NEANDERVILLE — Having yet to renounce — or even fully understand — a single one of the Seven Deadly Sins, Dwellers today unanimously agreed that they have much work ahead of them before even coming close to appeasing Merciless Vengeful God.
Merciless Vengeful God has been appearing in a growing number of visions and dreams recently, announcing Himself as “the sole judge of whether you burn for all eternity in hell or maybe get an occasional drop of water. ‘Occasional,’ as in once a century or so.”
“You must mean Putin, not God,” said one Dweller, recalling the Russian leader’s time-travel visit earlier this year.
“I do not mean Putin,” Assembly leader Vlad said. “I mean Merciless Vengeful God, who in His infinite wisdom at some future time will set all but the Buddhists down a path of hostage-taking, waterboarding, YouTube beheadings, rape of children, random killing of innocents, assassination by drones and stoning to death after being buried up to your head in hot desert sand.”
“So those are the seven sins,” said Tribe Shaman Kari.
“Wrong,” said Vlad.
“Who are Buddhists?’ another Dweller asked.
“People who seek only peace and tranquility,” said Kari.
“Impossible idealists, at the very least,” said Vlad. “Now, let me list Merciless Vengeful God’s real Seven Deadly Sins. They are: lust, gluttony, greed, sloth, wrath, envy and pride.”
A spirited discussion involving many members of the Tribe then ensued.
“I thought pride was a good thing. How else could the LGBT community ever have defeated the bigots?”
“I thought sloth was the weird-looking animal that hangs from trees and flashes a sort of drunk Cheshire-cat grin every now and then.”
“And what’s wrong with lust? Without TV, it’s about the only fun we have. Plus, it keeps the species going.”

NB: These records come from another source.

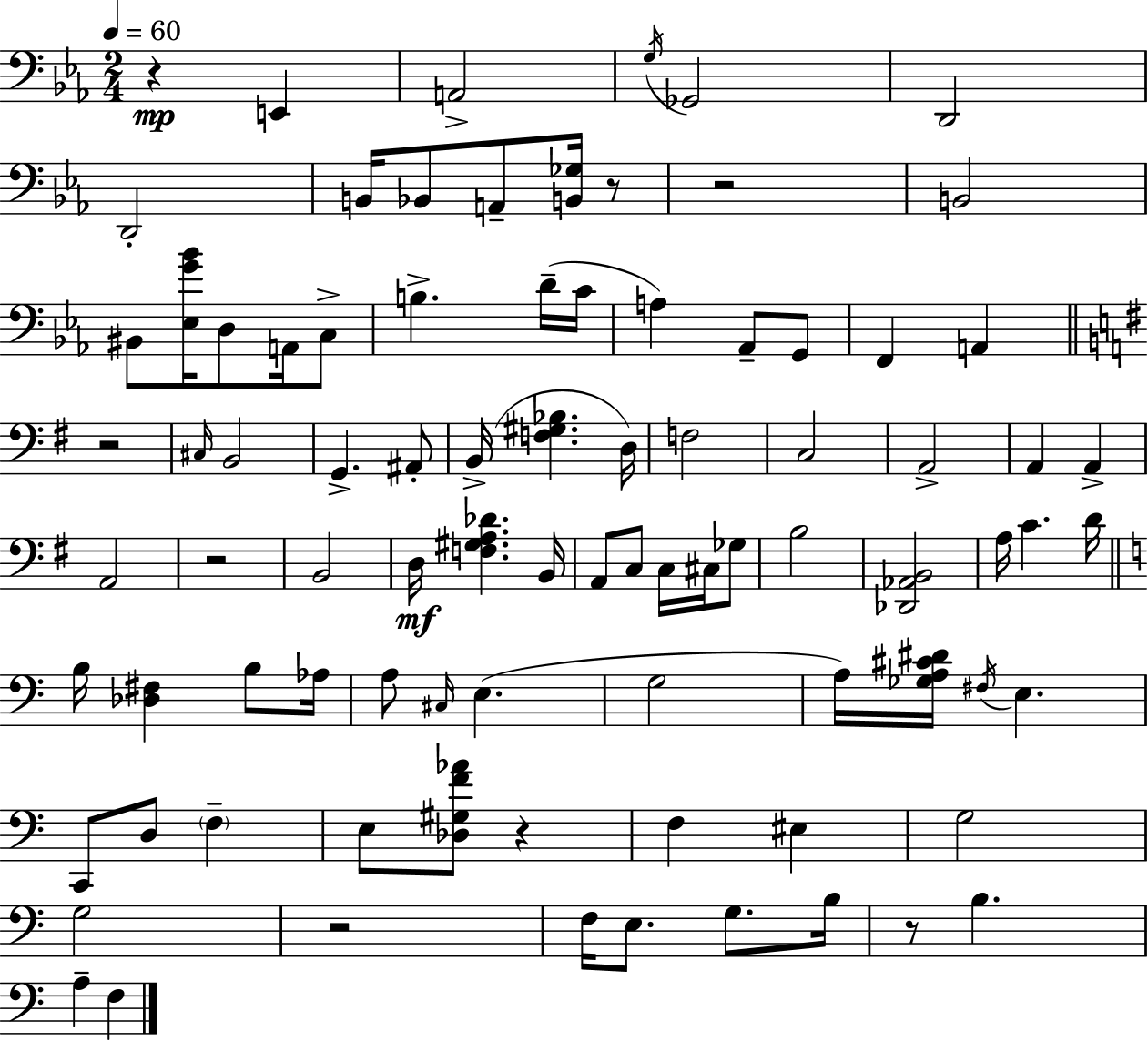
X:1
T:Untitled
M:2/4
L:1/4
K:Cm
z E,, A,,2 G,/4 _G,,2 D,,2 D,,2 B,,/4 _B,,/2 A,,/2 [B,,_G,]/4 z/2 z2 B,,2 ^B,,/2 [_E,G_B]/4 D,/2 A,,/4 C,/2 B, D/4 C/4 A, _A,,/2 G,,/2 F,, A,, z2 ^C,/4 B,,2 G,, ^A,,/2 B,,/4 [F,^G,_B,] D,/4 F,2 C,2 A,,2 A,, A,, A,,2 z2 B,,2 D,/4 [F,^G,A,_D] B,,/4 A,,/2 C,/2 C,/4 ^C,/4 _G,/2 B,2 [_D,,_A,,B,,]2 A,/4 C D/4 B,/4 [_D,^F,] B,/2 _A,/4 A,/2 ^C,/4 E, G,2 A,/4 [_G,A,^C^D]/4 ^F,/4 E, C,,/2 D,/2 F, E,/2 [_D,^G,F_A]/2 z F, ^E, G,2 G,2 z2 F,/4 E,/2 G,/2 B,/4 z/2 B, A, F,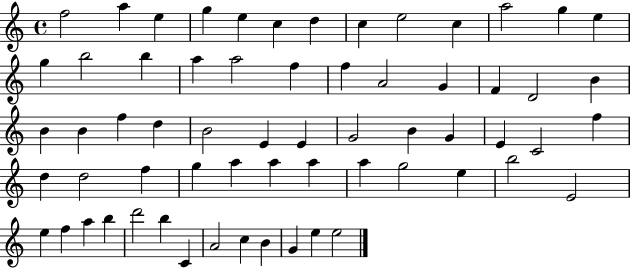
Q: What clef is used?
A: treble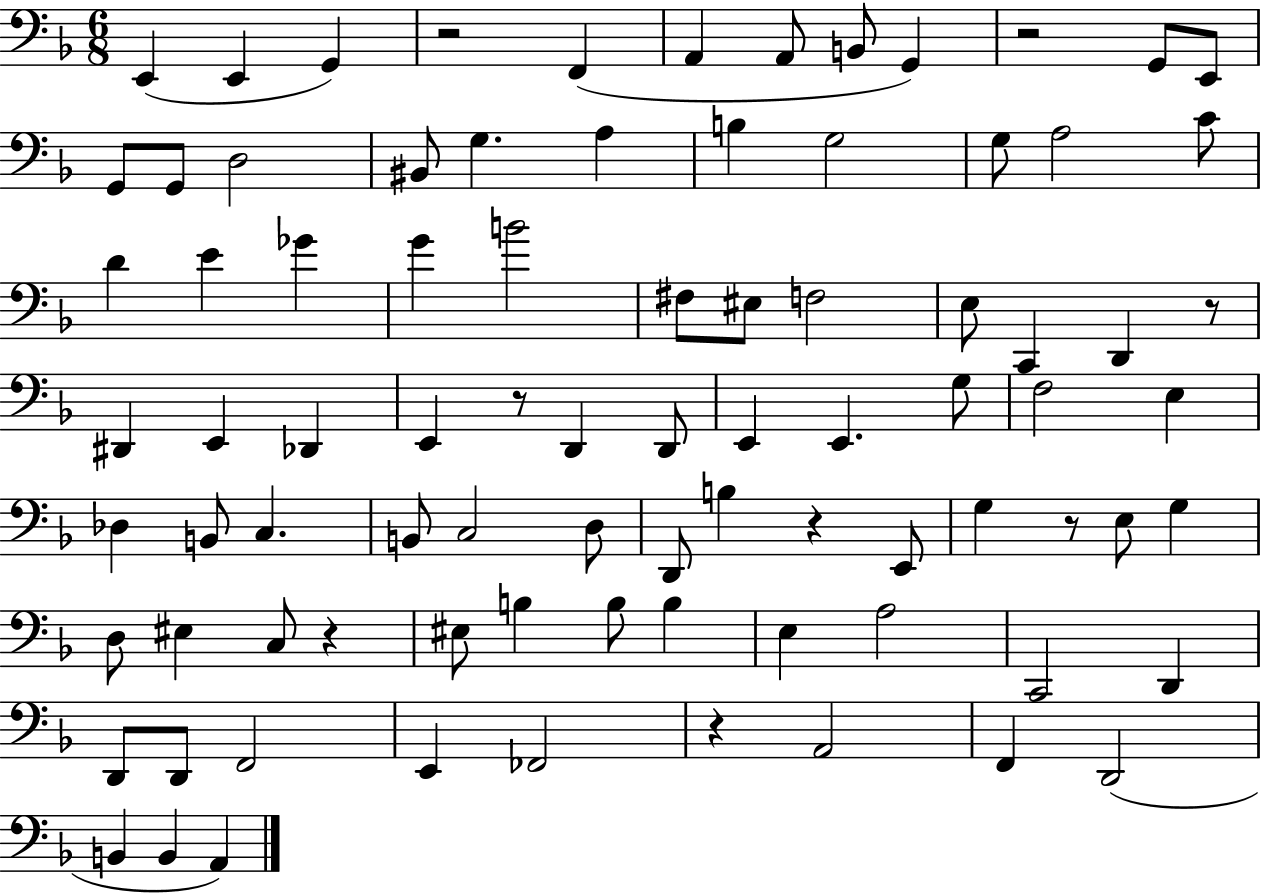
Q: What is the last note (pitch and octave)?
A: A2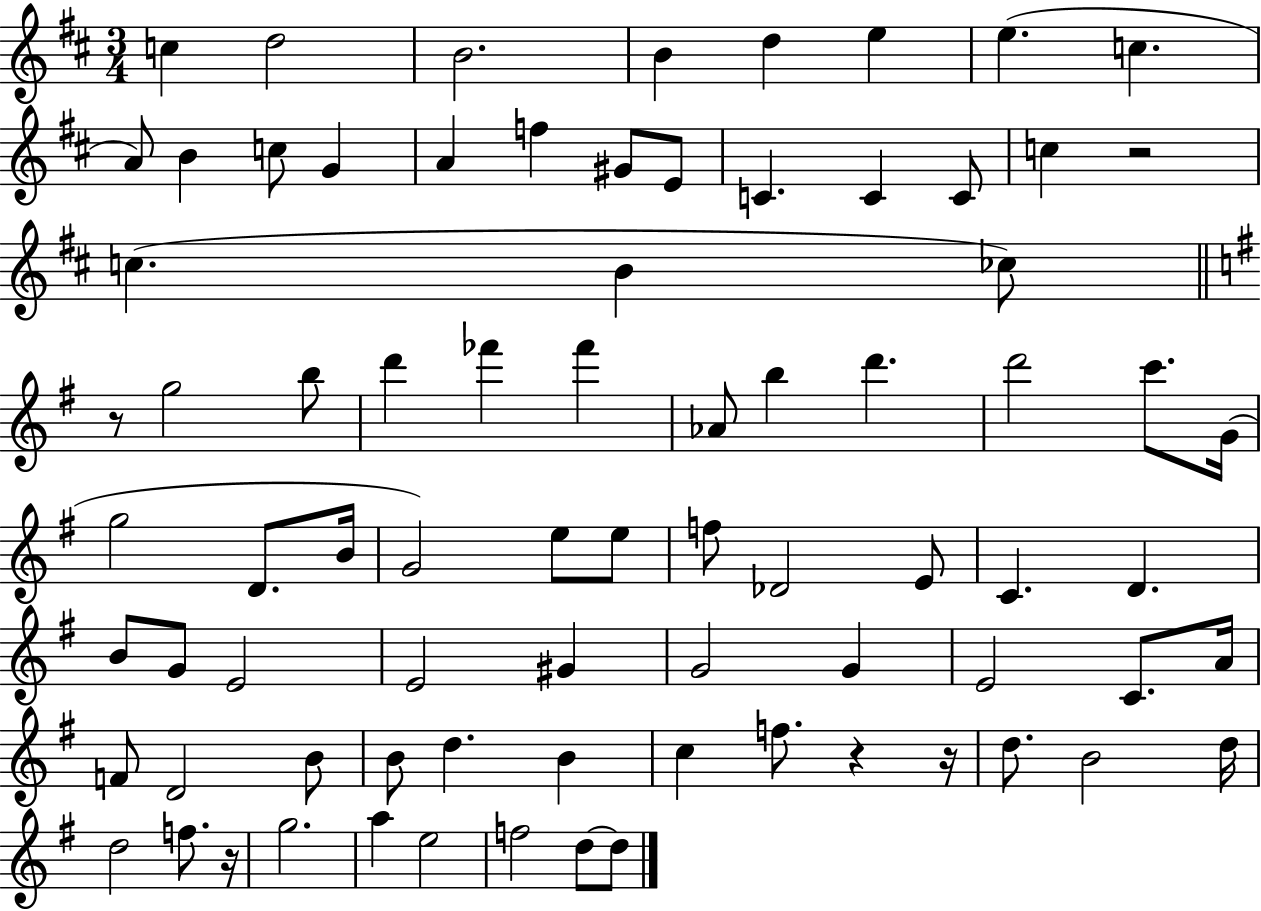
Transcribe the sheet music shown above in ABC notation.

X:1
T:Untitled
M:3/4
L:1/4
K:D
c d2 B2 B d e e c A/2 B c/2 G A f ^G/2 E/2 C C C/2 c z2 c B _c/2 z/2 g2 b/2 d' _f' _f' _A/2 b d' d'2 c'/2 G/4 g2 D/2 B/4 G2 e/2 e/2 f/2 _D2 E/2 C D B/2 G/2 E2 E2 ^G G2 G E2 C/2 A/4 F/2 D2 B/2 B/2 d B c f/2 z z/4 d/2 B2 d/4 d2 f/2 z/4 g2 a e2 f2 d/2 d/2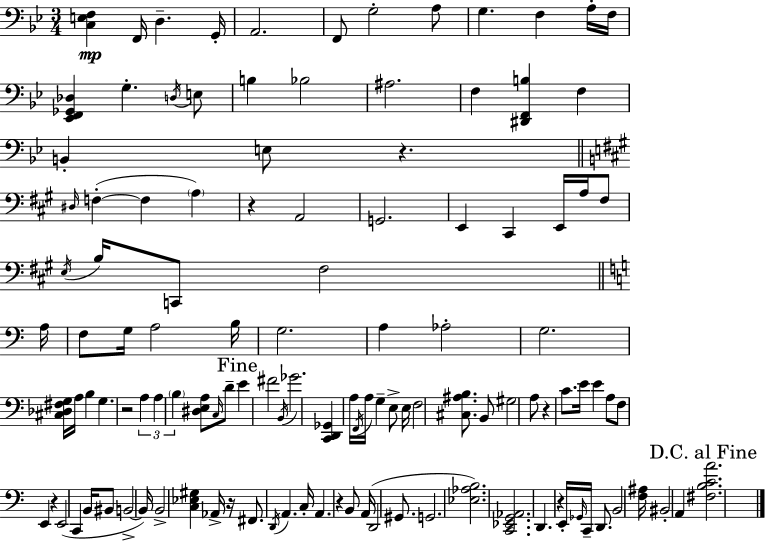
[C3,E3,F3]/q F2/s D3/q. G2/s A2/h. F2/e G3/h A3/e G3/q. F3/q A3/s F3/s [Eb2,F2,Gb2,Db3]/q G3/q. D3/s E3/e B3/q Bb3/h A#3/h. F3/q [D#2,F2,B3]/q F3/q B2/q E3/e R/q. D#3/s F3/q F3/q A3/q R/q A2/h G2/h. E2/q C#2/q E2/s A3/s F#3/e E3/s B3/s C2/e F#3/h A3/s F3/e G3/s A3/h B3/s G3/h. A3/q Ab3/h G3/h. [C#3,Db3,F#3,G3]/s A3/s B3/q G3/q. R/h A3/q A3/q B3/q [D#3,E3,A3]/e C3/s D4/e E4/q F#4/h B2/s Gb4/h. [C2,D2,Gb2]/q A3/s F2/s A3/s G3/q E3/e E3/s F3/h [C#3,A#3,B3]/e. B2/e G#3/h A3/e R/q C4/e. E4/s E4/q A3/e F3/e E2/q R/q E2/h C2/q B2/s BIS2/e B2/h B2/s B2/h [C3,Eb3,G#3]/q Ab2/s R/s F#2/e. D2/s A2/q. C3/s A2/q. R/q B2/e A2/s D2/h G#2/e. G2/h. [Eb3,Ab3,B3]/h. [C2,Eb2,G2,Ab2]/h. D2/q. R/q E2/s Gb2/s C2/s D2/e. B2/h [F3,A#3]/s BIS2/h A2/q [F#3,B3,C4,A4]/h.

“Birth control sure would make it more fun,” said one pregnant woman.
“We could never have gluttony,” said another Dweller. “We go days without food. Maybe make that one starvation?”
“Why isn’t hatred on the list? That’s way worse than envy.”
“And why is it seven sins, and not ten? Top lists always have ten items, not seven or 11 or whatever. I think it comes from the number of fingers we have. What most of us have, anyway.”
“I do not have these answers,” Vlad said. “I only know we must appease Merciless Vengeful God or face the consequences. I suggest we start with number six, wrath. We’ve been warming up already with our Twelve Steps of Screaming.”